◆ **WORK TO COMPLETE**: Beginning with the line below that contains "Hyundai Creta 1.6" and ending with the line that contains "Kinopolska, le festival du film polonais", copy every line exactly. Copy nothing else.

◆ **EXERCISE MATERIAL**:

______________________________

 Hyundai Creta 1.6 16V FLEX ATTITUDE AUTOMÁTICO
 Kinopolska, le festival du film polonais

______________________________

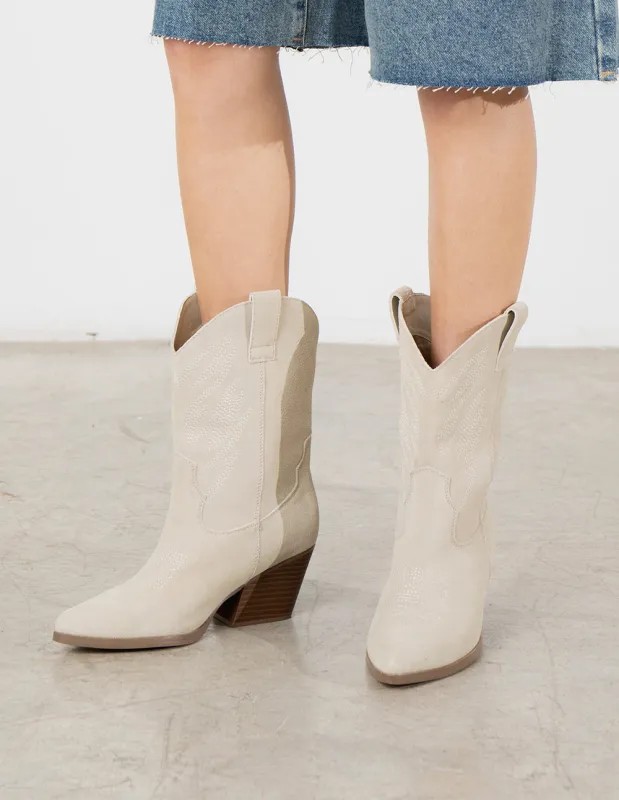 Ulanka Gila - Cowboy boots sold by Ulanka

______________________________

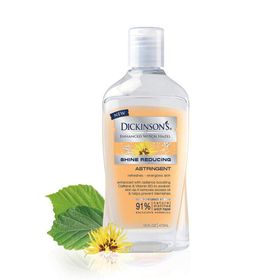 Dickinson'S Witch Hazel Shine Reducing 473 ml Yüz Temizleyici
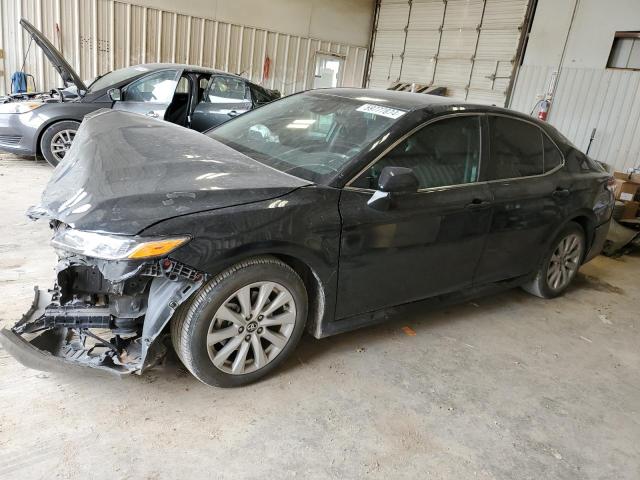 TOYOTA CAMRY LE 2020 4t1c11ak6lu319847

______________________________

◆ **SOLUTION FOR THIS PROBLEM**:
 Hyundai Creta 1.6 16V FLEX ATTITUDE AUTOMÁTICO
 Kinopolska, le festival du film polonais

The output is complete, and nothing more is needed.